Namanya Bonita. Ia cuma sepotong kepala yang diletakkan di atas meja. Jangan membayangkan potongan kepala yang berdarah-darah, sama sekali tidak sesadis itu.
Ngetiknya aja aku ngeri.
Bonita muncul setidaknya tiga kali di Pameran Pembangunan Jambi (PPJ), event rutin tahunan untuk memeriahkan HUT Republik Indonesia. Pameran berlangsung 10 hari sampai 2 pekan. Mirip pasar malam, tapi lebih meriah lagi karena diramaikan dengan aneka pertunjukan dan pameran oleh instansi pemerintah maupun swasta. PPJ merupakan bagian terindah dari masa kanak-kanakku.

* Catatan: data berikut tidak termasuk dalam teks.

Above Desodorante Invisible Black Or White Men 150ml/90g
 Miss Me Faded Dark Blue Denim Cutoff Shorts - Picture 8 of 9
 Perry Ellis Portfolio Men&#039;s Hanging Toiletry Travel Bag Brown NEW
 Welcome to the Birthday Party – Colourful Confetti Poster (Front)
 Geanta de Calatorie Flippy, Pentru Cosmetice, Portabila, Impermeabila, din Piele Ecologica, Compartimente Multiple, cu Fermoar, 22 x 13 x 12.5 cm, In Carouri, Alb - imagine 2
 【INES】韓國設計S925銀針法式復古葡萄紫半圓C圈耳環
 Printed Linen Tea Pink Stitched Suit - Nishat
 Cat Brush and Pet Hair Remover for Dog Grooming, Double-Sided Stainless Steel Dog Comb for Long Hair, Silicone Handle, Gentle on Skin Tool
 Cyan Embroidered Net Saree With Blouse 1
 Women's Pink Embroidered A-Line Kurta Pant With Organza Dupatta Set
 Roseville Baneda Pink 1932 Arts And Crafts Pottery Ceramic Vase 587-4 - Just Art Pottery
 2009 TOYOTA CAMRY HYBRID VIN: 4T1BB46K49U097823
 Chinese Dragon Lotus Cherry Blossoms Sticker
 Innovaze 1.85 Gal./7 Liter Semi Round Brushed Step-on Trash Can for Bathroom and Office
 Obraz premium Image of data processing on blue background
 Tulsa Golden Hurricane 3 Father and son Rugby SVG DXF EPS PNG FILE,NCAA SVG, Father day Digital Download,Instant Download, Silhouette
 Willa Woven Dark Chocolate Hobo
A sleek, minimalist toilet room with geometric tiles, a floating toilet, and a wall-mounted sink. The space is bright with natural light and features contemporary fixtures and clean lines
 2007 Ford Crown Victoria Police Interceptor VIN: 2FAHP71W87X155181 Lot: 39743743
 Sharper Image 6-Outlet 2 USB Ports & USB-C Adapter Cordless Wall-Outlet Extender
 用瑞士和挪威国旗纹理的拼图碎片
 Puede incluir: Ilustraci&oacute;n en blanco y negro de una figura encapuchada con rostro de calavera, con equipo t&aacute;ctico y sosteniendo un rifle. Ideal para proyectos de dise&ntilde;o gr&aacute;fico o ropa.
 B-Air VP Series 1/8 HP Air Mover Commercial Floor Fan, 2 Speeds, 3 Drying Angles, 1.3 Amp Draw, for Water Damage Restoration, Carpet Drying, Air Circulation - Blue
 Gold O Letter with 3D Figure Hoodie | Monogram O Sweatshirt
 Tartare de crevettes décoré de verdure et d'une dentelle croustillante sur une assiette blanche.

Untuk melihat Bonita, pengunjung harus membeli karcis terlebih dahulu. Setelah selembar karcis didapat, bersabarlah dengan antrean panjang memasuki ruang di mana Bonita berada.
Karcisnya tidak mahal, tapi aku lupa berapa tepatnya. Yang jelas masih terjangkau di uang jajanku, meski harus menabung beberapa hari dulu. Tapi aku gak punya pengalaman menabung, seingatku kalau mau ya tinggal minta.
Bukan karena kami orang kaya, tapi karena aku bungsu dari 7 bersaudara. Mamak Bapak jarang menolak permintaanku, kakak-kakak pun begitu. Tapi kebiasaan ini tidak akan kuturunkan ke anakku. Banyak efek negatifnya.